<<<<

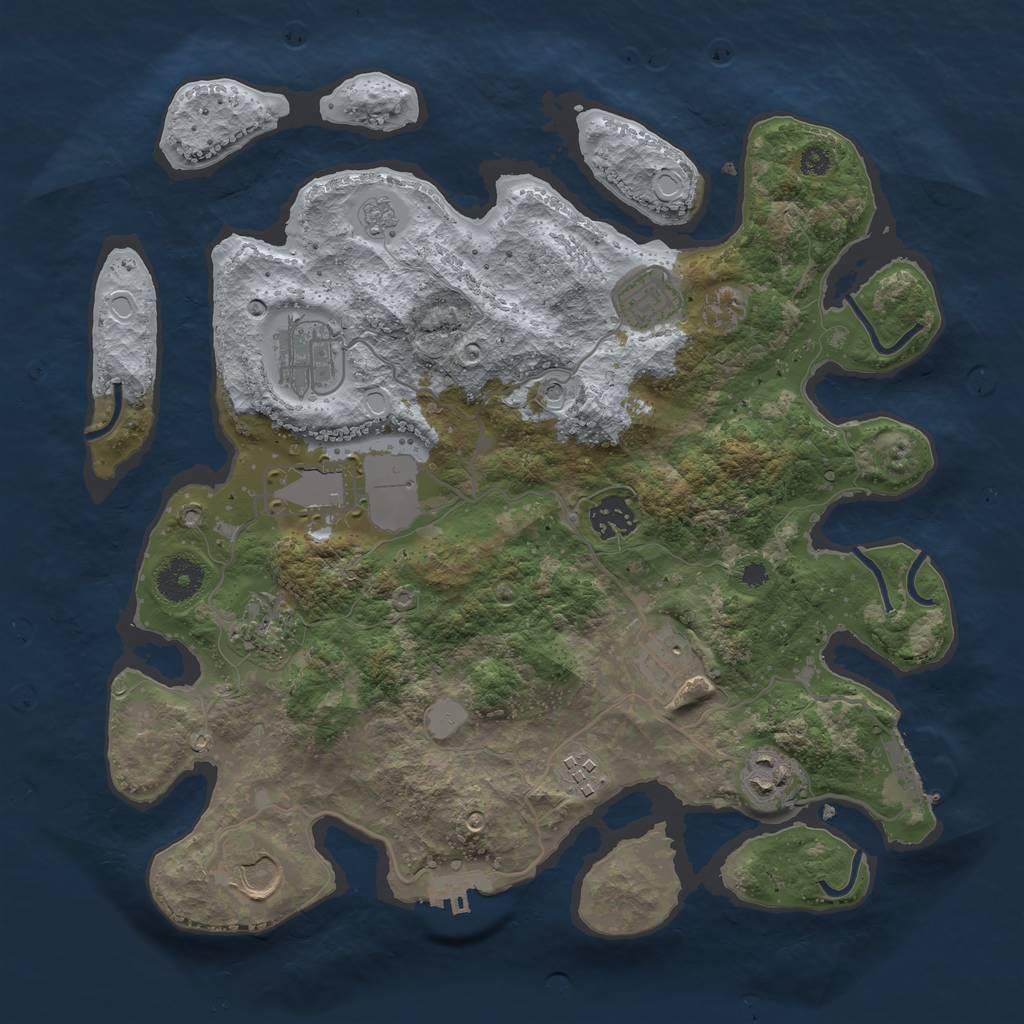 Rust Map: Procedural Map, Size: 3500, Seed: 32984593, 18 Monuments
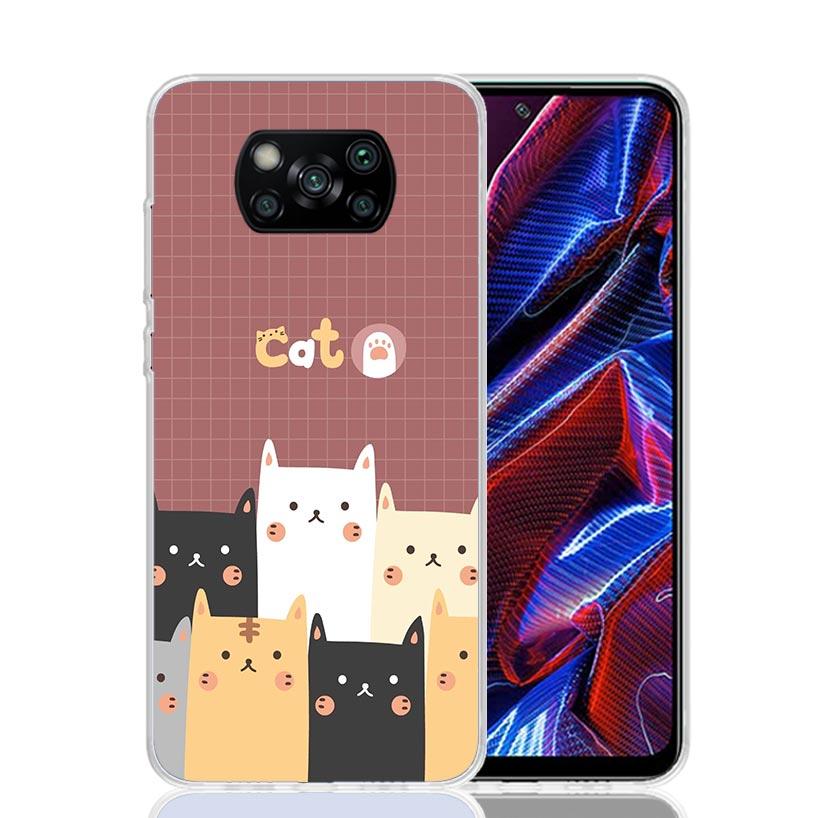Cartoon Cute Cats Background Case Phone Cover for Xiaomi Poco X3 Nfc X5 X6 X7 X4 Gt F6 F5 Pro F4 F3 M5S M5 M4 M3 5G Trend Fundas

>>>>
<<<<

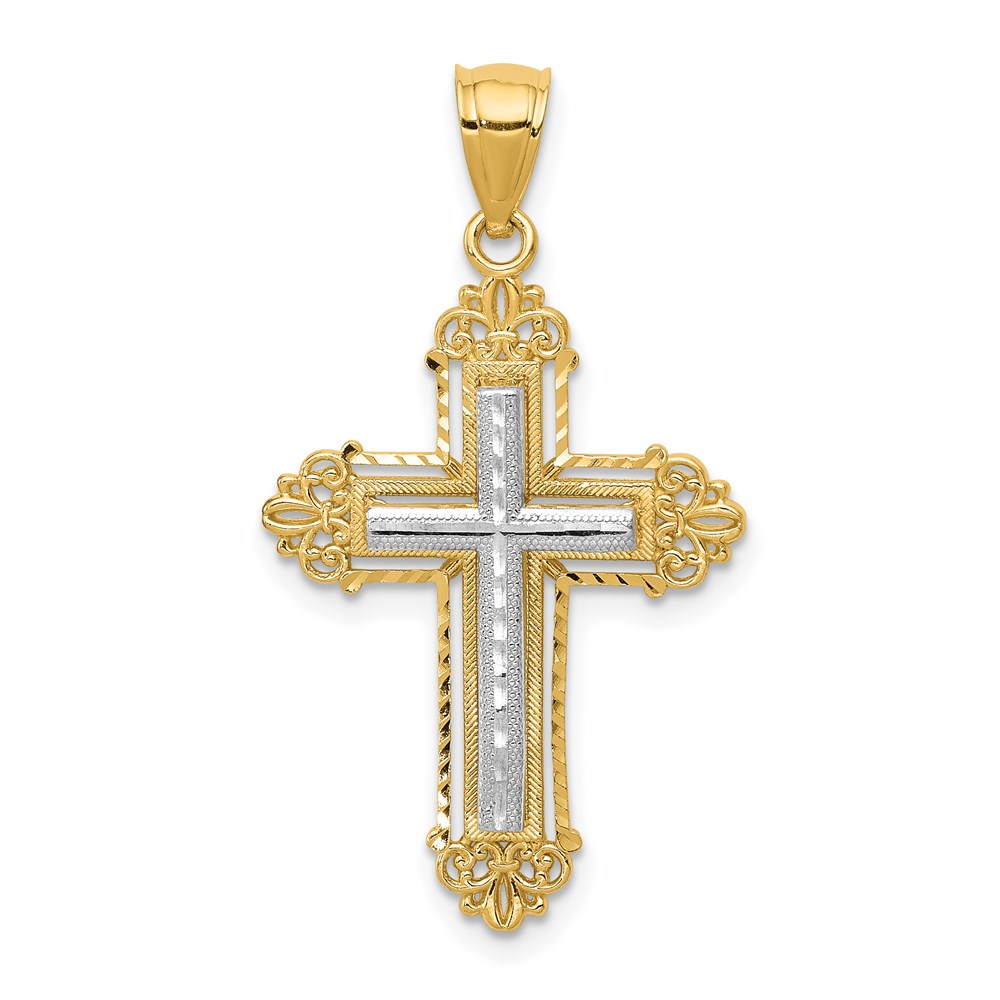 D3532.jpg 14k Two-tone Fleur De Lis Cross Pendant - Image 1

>>>>
<<<<

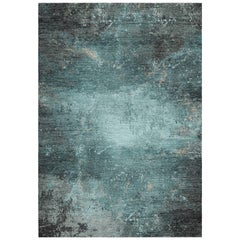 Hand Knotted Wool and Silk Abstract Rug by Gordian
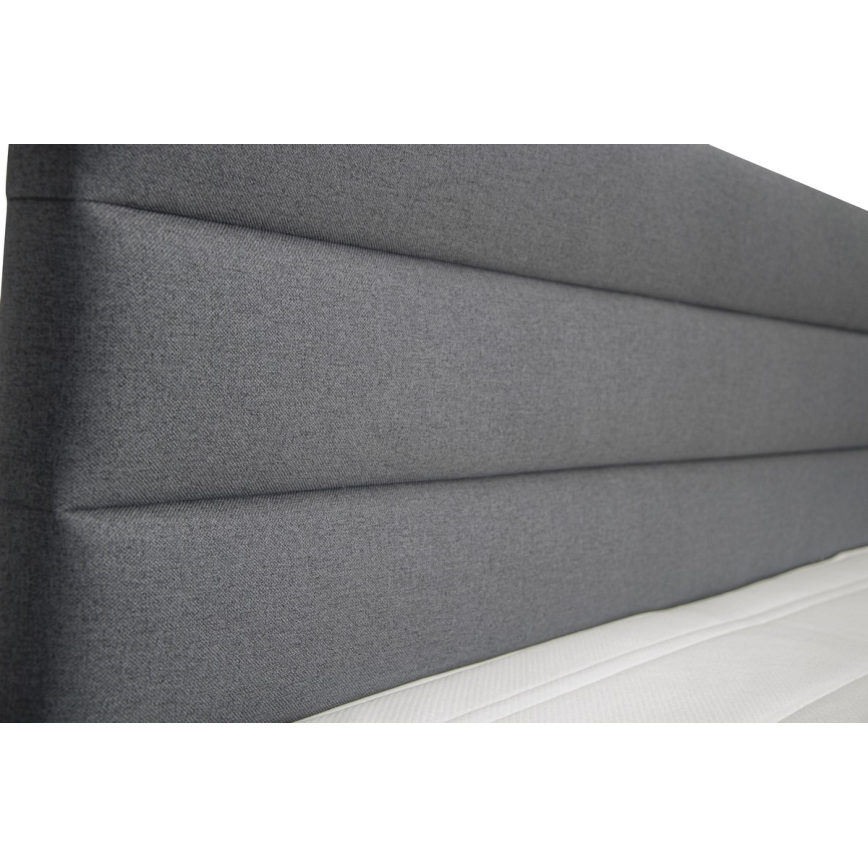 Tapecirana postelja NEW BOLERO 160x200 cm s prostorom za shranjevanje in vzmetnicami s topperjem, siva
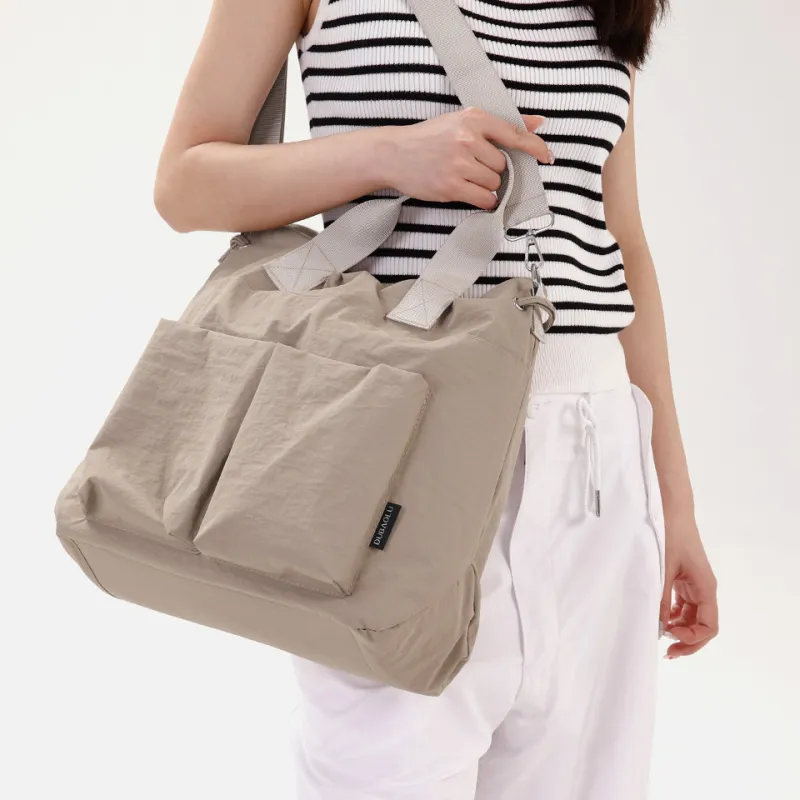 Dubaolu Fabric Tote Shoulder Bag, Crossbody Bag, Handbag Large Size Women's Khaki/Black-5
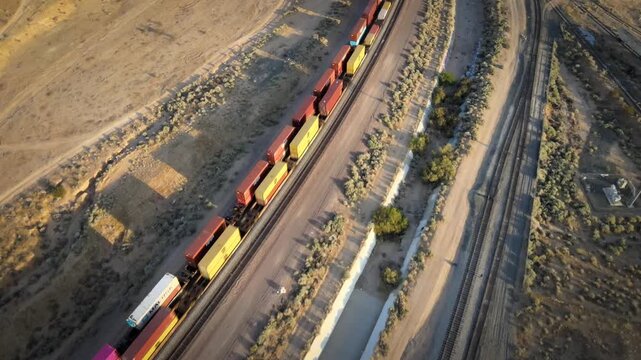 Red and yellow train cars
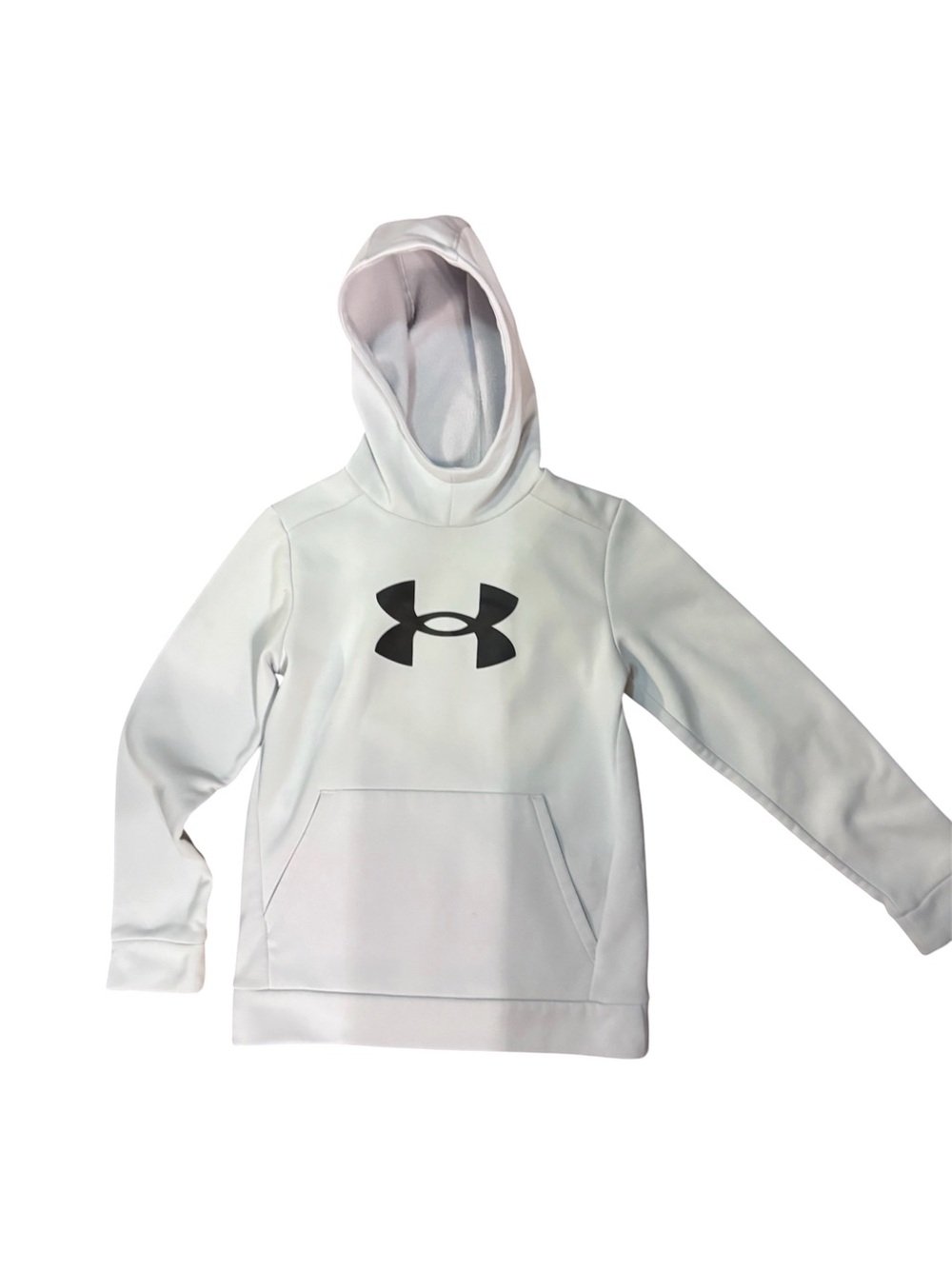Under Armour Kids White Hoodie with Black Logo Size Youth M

>>>>

TASK ITEM
Word for word, write out the lines above running from the one with "Dubaolu Fabric Tote" up to and including the one with "Under Armour Kids". Drop any picture.

ANSWER SPACE
 Dubaolu Fabric Tote Shoulder Bag, Crossbody Bag, Handbag Large Size Women's Khaki/Black-5
 Red and yellow train cars
Under Armour Kids White Hoodie with Black Logo Size Youth M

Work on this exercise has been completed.